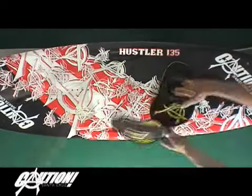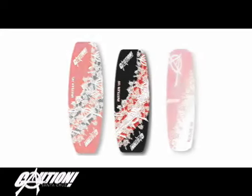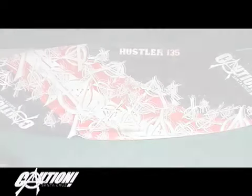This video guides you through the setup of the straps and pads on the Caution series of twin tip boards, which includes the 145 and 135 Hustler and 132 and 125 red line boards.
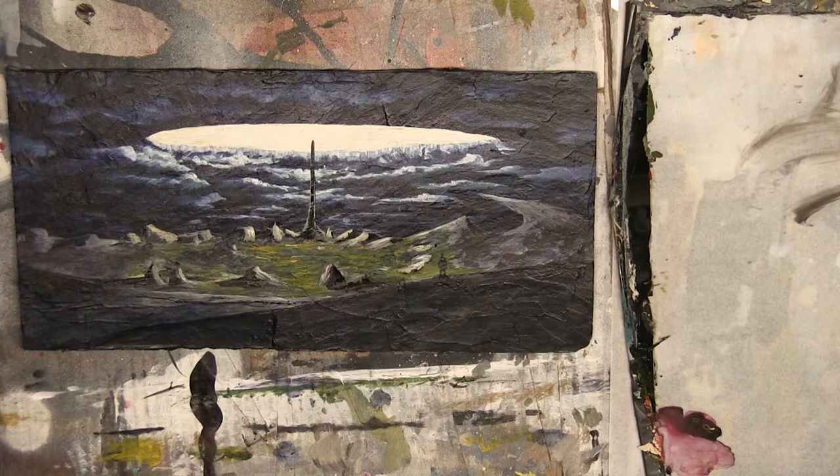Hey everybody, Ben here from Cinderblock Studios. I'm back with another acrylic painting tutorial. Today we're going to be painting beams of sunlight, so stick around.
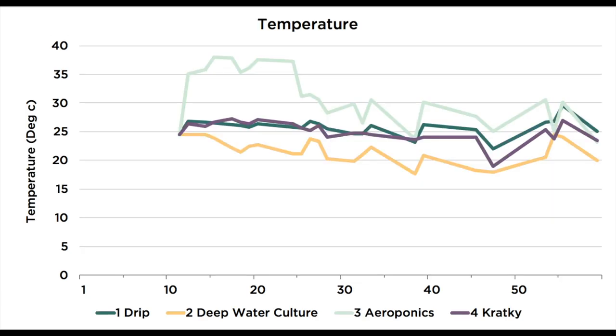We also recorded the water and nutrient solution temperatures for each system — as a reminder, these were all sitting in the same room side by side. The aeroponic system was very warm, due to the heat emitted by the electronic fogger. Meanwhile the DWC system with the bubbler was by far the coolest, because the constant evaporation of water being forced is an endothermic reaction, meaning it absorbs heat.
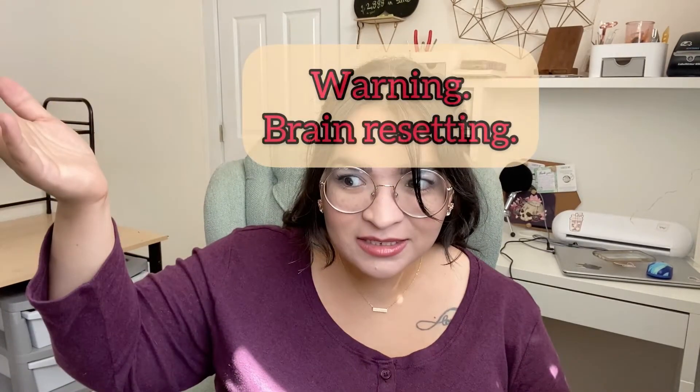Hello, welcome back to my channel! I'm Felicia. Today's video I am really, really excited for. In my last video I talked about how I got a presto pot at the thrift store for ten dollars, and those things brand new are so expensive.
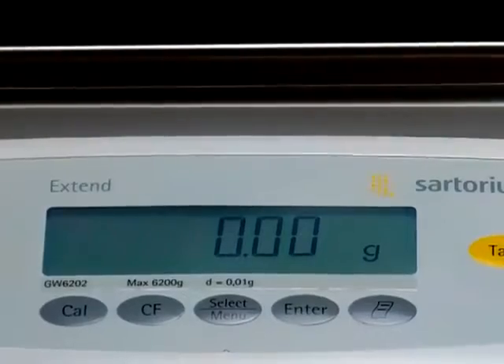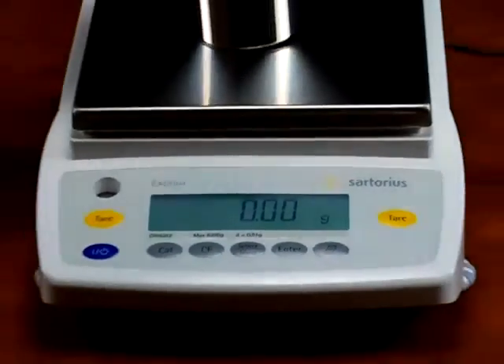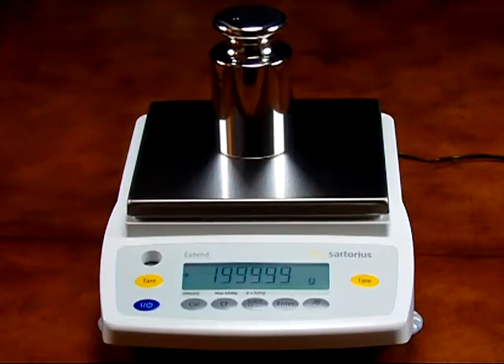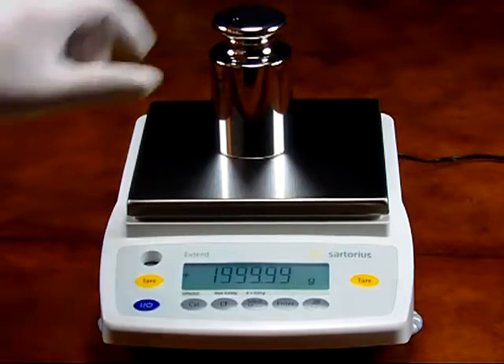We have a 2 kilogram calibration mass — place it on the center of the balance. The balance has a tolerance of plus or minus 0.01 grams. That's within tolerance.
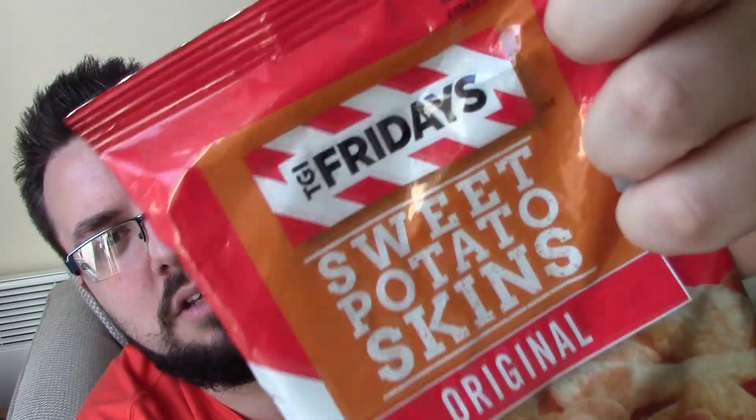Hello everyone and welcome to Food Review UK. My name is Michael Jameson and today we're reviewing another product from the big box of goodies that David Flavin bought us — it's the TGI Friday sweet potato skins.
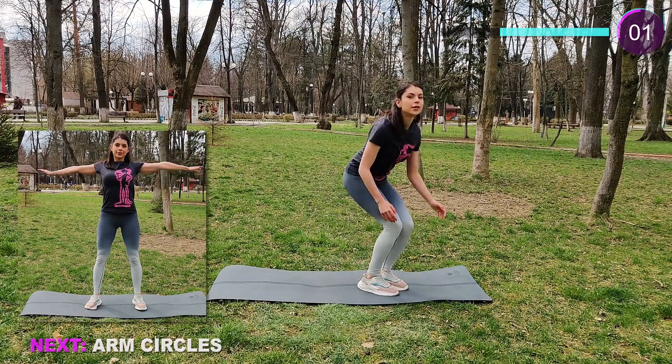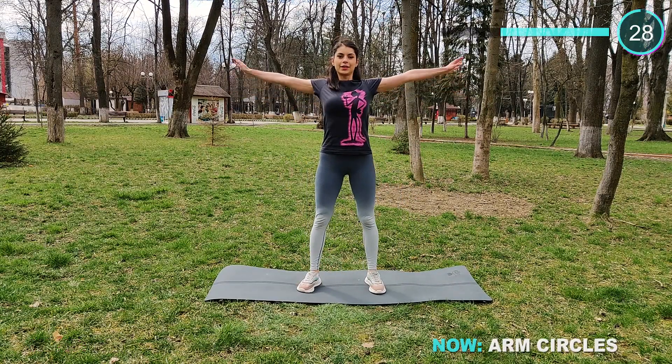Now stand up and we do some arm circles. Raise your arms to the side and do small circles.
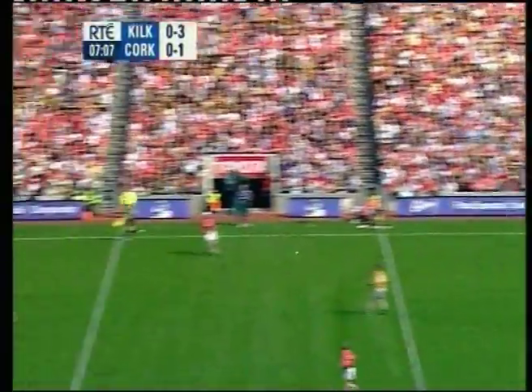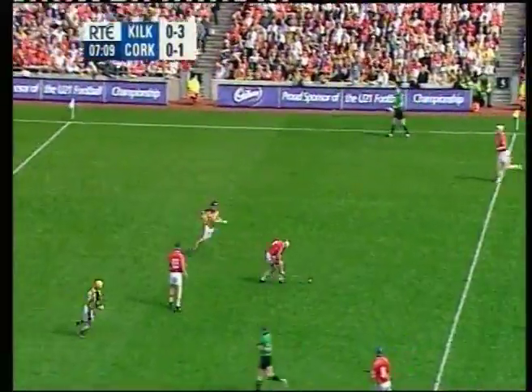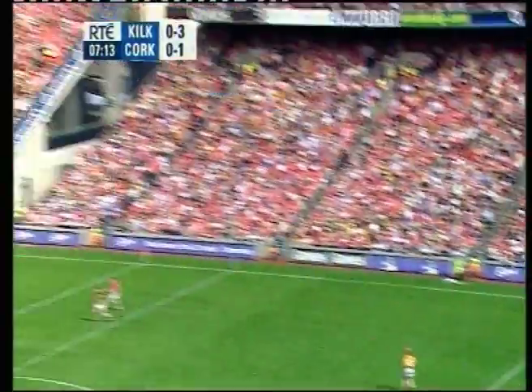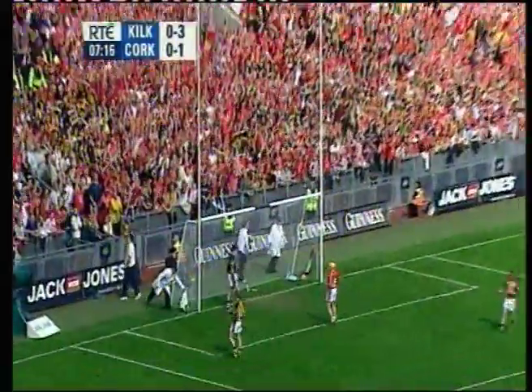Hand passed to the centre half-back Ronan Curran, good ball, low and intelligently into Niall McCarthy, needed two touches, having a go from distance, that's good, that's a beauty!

****

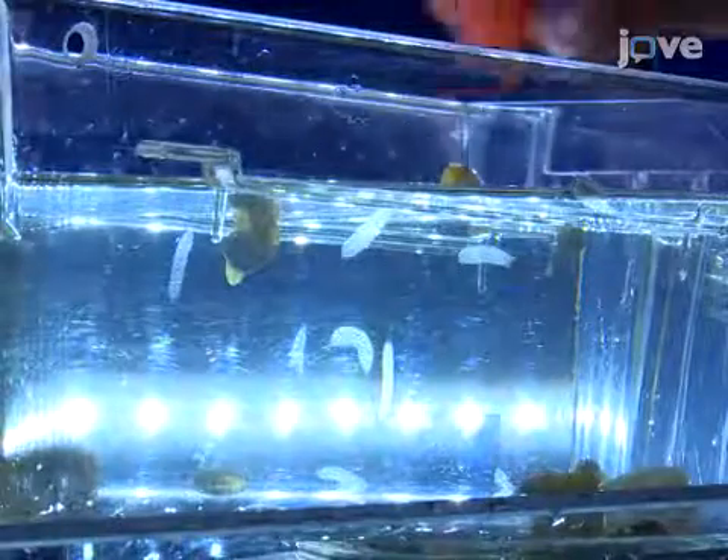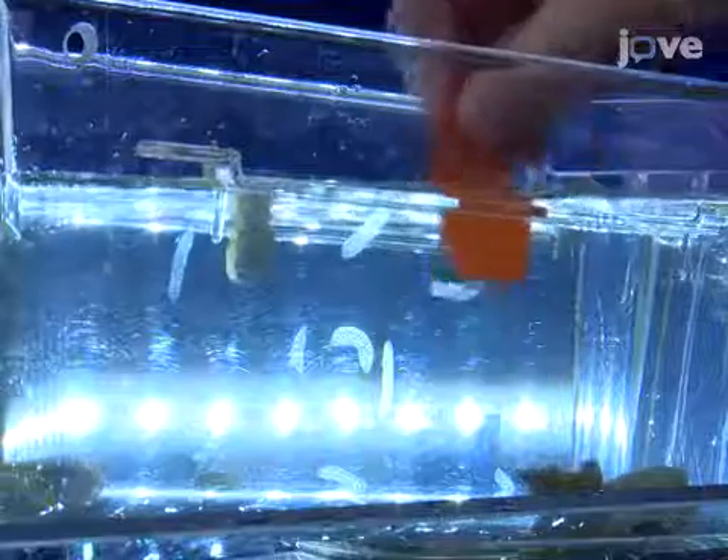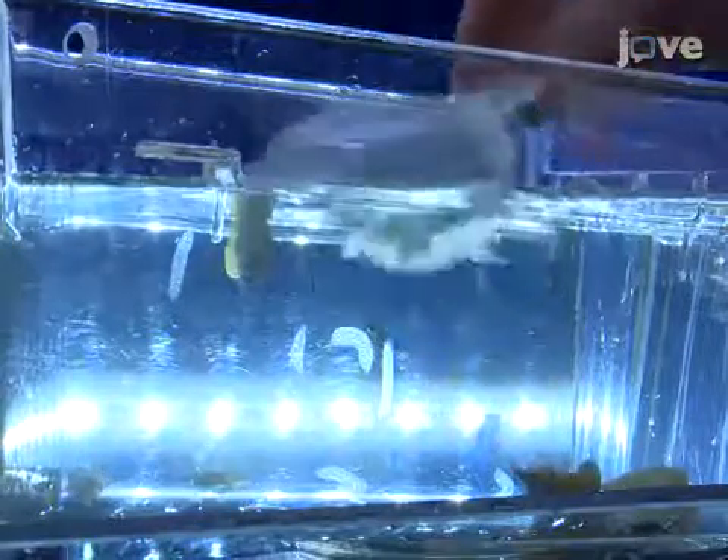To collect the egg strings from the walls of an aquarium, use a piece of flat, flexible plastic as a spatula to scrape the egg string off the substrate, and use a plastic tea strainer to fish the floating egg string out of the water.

****

EXERCISE PROMPT: Nothing but the lines above from the line with "This video guides" up to and including the line with "Hand passed to" should be returned, exactly as written and without pictures.

RESPONSE BOX:
This video guides you through the setup of the straps and pads on the Caution series of twin tip boards, which includes the 145 and 135 Hustler and 132 and 125 red line boards.
Hey everybody, Ben here from Cinderblock Studios. I'm back with another acrylic painting tutorial. Today we're going to be painting beams of sunlight, so stick around.
We also recorded the water and nutrient solution temperatures for each system — as a reminder, these were all sitting in the same room side by side. The aeroponic system was very warm, due to the heat emitted by the electronic fogger. Meanwhile the DWC system with the bubbler was by far the coolest, because the constant evaporation of water being forced is an endothermic reaction, meaning it absorbs heat.
Hello, welcome back to my channel! I'm Felicia. Today's video I am really, really excited for. In my last video I talked about how I got a presto pot at the thrift store for ten dollars, and those things brand new are so expensive.
We have a 2 kilogram calibration mass — place it on the center of the balance. The balance has a tolerance of plus or minus 0.01 grams. That's within tolerance.
Hello everyone and welcome to Food Review UK. My name is Michael Jameson and today we're reviewing another product from the big box of goodies that David Flavin bought us — it's the TGI Friday sweet potato skins.
Now stand up and we do some arm circles. Raise your arms to the side and do small circles.
Hand passed to the centre half-back Ronan Curran, good ball, low and intelligently into Niall McCarthy, needed two touches, having a go from distance, that's good, that's a beauty!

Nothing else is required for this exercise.